Getting to know she was pregnant
‘The main indicator was my change in appetite,’ she says. ‘During my pregnancies, I used to crave red meat, fried blood, goat intestines and the like. Thus anytime these cravings surfaced, I immediately knew another being was on the way.’

Mary’s diet while expectant
‘It was nothing special. I mostly ate ugali made from wimbi, porridge, milk and of course the traditional brew, busaa. Funny how it gave me lots of the much needed energy.’

Educating her children
The thirst for education always happens to burn more in those who never experienced that chapter in life. Mary says that as much as her parents never enrolled her in a formal learning institution, she knew well that for her children to have a bright future, she had to give them an education. ‘My husband, a teacher back then and later a counselor, was not home most of the time: she says. This gave her more responsibility to ensure that her children’s needs at school and at home were well met. ‘From my farming activities and other businesses, I ensured that my children never lacked anything when they were under my watch. I saw to it that I gave them the best I could at that time.’

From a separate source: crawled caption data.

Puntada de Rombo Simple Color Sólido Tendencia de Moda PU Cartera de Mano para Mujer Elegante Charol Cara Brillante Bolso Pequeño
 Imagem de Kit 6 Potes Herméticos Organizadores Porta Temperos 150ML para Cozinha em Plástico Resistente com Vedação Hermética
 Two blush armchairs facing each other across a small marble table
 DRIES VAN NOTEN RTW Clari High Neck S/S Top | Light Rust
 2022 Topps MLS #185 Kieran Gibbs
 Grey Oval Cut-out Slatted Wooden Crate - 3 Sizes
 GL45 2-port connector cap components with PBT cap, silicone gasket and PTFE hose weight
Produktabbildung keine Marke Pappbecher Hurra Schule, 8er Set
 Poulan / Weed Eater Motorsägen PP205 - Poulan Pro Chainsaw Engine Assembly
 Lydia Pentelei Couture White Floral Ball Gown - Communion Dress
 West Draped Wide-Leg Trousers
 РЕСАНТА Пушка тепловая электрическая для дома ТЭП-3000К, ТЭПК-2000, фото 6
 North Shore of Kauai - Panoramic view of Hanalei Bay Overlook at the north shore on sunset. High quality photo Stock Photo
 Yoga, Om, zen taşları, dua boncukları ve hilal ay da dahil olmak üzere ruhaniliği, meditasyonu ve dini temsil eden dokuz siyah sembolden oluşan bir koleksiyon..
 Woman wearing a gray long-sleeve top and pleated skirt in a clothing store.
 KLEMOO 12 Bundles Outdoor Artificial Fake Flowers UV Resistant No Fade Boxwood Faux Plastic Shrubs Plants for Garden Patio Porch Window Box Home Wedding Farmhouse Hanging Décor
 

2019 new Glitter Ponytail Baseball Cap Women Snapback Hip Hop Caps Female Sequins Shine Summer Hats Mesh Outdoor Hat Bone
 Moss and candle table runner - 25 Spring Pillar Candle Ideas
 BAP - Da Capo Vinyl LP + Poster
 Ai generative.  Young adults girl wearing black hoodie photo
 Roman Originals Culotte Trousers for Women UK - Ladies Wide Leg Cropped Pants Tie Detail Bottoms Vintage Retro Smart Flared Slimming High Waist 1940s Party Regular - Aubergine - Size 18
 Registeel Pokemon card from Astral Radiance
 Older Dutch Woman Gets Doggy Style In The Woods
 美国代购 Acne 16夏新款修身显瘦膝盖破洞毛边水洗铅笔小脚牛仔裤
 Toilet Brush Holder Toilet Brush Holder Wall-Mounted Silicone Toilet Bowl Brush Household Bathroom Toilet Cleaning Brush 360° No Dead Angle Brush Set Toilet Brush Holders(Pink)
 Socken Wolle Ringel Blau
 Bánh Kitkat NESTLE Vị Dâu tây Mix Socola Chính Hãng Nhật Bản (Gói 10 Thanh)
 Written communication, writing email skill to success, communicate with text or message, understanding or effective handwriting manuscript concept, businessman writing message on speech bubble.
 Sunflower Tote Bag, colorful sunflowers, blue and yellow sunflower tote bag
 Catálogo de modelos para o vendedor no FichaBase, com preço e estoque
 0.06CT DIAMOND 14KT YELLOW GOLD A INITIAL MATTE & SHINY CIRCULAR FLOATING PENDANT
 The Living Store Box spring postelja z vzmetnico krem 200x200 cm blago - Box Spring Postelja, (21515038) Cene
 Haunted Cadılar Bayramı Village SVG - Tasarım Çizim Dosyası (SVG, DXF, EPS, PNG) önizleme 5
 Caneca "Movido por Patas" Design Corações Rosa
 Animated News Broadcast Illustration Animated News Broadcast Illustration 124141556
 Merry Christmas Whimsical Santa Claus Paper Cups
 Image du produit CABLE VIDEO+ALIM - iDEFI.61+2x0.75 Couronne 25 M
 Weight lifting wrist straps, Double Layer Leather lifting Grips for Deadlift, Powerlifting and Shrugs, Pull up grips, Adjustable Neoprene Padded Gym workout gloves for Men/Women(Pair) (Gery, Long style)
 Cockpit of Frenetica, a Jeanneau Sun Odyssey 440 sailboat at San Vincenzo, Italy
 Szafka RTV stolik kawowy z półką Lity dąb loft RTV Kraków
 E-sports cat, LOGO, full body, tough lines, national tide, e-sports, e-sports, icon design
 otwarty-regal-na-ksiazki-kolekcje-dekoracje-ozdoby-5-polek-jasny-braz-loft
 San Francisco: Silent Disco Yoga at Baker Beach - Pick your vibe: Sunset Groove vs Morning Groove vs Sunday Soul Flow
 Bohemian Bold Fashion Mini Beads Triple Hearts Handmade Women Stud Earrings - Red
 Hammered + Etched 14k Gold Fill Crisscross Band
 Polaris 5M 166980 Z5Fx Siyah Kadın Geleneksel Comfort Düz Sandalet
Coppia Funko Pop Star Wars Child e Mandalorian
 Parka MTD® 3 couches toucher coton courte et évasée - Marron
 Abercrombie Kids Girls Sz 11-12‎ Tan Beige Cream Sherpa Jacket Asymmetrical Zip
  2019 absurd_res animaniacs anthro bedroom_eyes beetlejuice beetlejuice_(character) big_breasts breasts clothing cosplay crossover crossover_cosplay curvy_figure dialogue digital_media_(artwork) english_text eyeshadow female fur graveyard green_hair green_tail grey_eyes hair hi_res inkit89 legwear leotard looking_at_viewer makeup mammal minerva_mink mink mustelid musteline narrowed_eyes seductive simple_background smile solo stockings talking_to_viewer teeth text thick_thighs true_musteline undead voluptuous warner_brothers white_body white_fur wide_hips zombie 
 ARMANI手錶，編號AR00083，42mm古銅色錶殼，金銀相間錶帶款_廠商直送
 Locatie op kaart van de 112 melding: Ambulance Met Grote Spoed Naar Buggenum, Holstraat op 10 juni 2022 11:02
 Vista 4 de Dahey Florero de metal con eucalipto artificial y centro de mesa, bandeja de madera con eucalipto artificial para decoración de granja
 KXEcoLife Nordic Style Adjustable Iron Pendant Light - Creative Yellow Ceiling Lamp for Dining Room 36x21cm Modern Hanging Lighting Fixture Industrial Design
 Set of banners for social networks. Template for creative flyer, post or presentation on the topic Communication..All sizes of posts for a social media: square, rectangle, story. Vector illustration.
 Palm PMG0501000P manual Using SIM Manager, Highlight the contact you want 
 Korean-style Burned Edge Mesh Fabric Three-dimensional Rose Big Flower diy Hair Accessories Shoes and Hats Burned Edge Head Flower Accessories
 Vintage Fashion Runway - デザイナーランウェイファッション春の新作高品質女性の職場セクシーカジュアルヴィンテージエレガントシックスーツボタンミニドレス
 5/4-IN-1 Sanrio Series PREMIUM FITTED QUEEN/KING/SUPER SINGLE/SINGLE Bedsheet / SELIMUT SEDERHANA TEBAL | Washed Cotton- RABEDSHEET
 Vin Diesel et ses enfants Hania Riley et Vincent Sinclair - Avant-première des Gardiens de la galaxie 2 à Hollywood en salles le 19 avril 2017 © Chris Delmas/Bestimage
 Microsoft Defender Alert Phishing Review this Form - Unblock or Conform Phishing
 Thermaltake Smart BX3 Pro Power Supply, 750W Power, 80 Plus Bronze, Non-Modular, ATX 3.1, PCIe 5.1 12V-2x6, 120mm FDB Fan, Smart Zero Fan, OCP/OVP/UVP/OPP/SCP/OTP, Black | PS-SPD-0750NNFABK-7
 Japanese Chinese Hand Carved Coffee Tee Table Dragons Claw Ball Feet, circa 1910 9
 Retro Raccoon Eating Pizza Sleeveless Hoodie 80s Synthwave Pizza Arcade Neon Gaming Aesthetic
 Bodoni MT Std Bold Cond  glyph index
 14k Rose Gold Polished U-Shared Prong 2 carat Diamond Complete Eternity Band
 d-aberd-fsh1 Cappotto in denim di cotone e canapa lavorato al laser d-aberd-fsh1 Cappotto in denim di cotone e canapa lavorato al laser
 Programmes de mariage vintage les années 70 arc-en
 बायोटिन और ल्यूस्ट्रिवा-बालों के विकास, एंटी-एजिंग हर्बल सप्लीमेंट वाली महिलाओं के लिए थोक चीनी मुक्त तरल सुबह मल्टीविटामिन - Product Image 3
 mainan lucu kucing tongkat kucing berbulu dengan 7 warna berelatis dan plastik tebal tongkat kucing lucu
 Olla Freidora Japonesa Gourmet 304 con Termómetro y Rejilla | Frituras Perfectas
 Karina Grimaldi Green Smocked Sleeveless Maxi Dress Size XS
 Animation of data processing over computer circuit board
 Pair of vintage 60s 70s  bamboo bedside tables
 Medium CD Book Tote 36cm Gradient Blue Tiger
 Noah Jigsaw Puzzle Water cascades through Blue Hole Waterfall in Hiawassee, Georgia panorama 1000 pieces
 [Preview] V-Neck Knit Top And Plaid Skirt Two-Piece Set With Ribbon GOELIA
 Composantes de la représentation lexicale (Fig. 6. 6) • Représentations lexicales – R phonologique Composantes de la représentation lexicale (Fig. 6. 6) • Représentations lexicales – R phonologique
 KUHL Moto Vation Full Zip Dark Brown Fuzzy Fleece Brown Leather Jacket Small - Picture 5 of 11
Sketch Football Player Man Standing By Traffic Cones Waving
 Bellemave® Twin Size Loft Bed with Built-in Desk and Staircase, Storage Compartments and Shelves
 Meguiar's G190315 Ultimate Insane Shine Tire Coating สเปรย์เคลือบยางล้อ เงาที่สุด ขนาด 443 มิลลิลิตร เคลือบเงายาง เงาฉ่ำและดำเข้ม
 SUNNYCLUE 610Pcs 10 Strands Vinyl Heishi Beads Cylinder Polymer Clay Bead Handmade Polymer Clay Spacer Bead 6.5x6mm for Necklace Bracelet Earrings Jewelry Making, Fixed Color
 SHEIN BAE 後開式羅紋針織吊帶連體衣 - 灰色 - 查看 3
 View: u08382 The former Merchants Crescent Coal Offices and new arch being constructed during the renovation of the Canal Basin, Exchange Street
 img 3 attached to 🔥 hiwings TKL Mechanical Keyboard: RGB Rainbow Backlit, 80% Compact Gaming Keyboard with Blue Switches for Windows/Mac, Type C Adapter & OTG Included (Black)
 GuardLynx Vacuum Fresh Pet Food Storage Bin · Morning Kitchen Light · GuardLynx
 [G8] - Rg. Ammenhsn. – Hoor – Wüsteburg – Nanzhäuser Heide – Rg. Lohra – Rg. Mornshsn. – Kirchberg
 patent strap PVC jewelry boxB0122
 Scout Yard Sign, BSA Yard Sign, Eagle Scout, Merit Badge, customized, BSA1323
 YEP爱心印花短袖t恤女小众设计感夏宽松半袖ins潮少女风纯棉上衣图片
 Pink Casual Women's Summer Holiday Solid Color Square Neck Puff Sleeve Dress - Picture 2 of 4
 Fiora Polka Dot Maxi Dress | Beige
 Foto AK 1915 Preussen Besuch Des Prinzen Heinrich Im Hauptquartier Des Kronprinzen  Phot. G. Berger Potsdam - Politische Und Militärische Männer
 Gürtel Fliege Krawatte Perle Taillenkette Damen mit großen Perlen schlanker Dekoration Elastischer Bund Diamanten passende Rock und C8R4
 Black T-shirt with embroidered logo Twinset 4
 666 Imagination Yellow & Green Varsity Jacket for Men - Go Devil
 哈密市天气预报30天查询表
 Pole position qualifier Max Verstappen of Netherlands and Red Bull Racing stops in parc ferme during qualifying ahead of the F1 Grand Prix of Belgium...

These fruits did not go unpaid. In her stable now, Mary boasts of a lawyer, a teacher, a computer specialist, a journalist, an army officer, a social worker and many other careers that have seen her children rise and embrace the spirit of hard work that she bestowed upon them.

Delivery-then and now
Mary notes that far too many pregnant women are opting for the C-section as opposed to natural delivery. ‘It seems today’s women are just as soft as the food they eat,’ she says with a skeptical look, ‘If only they would harden enough and face the push… As long as a woman is physically fit and medically able to handle a normal delivery, that is the best way to go. I pushed 14 times and the only time they performed a small cut (episiotomy) was during my first delivery. It is a pain one gets used to-not scared of. It is beautiful. Indeed, a bow to a strong woman.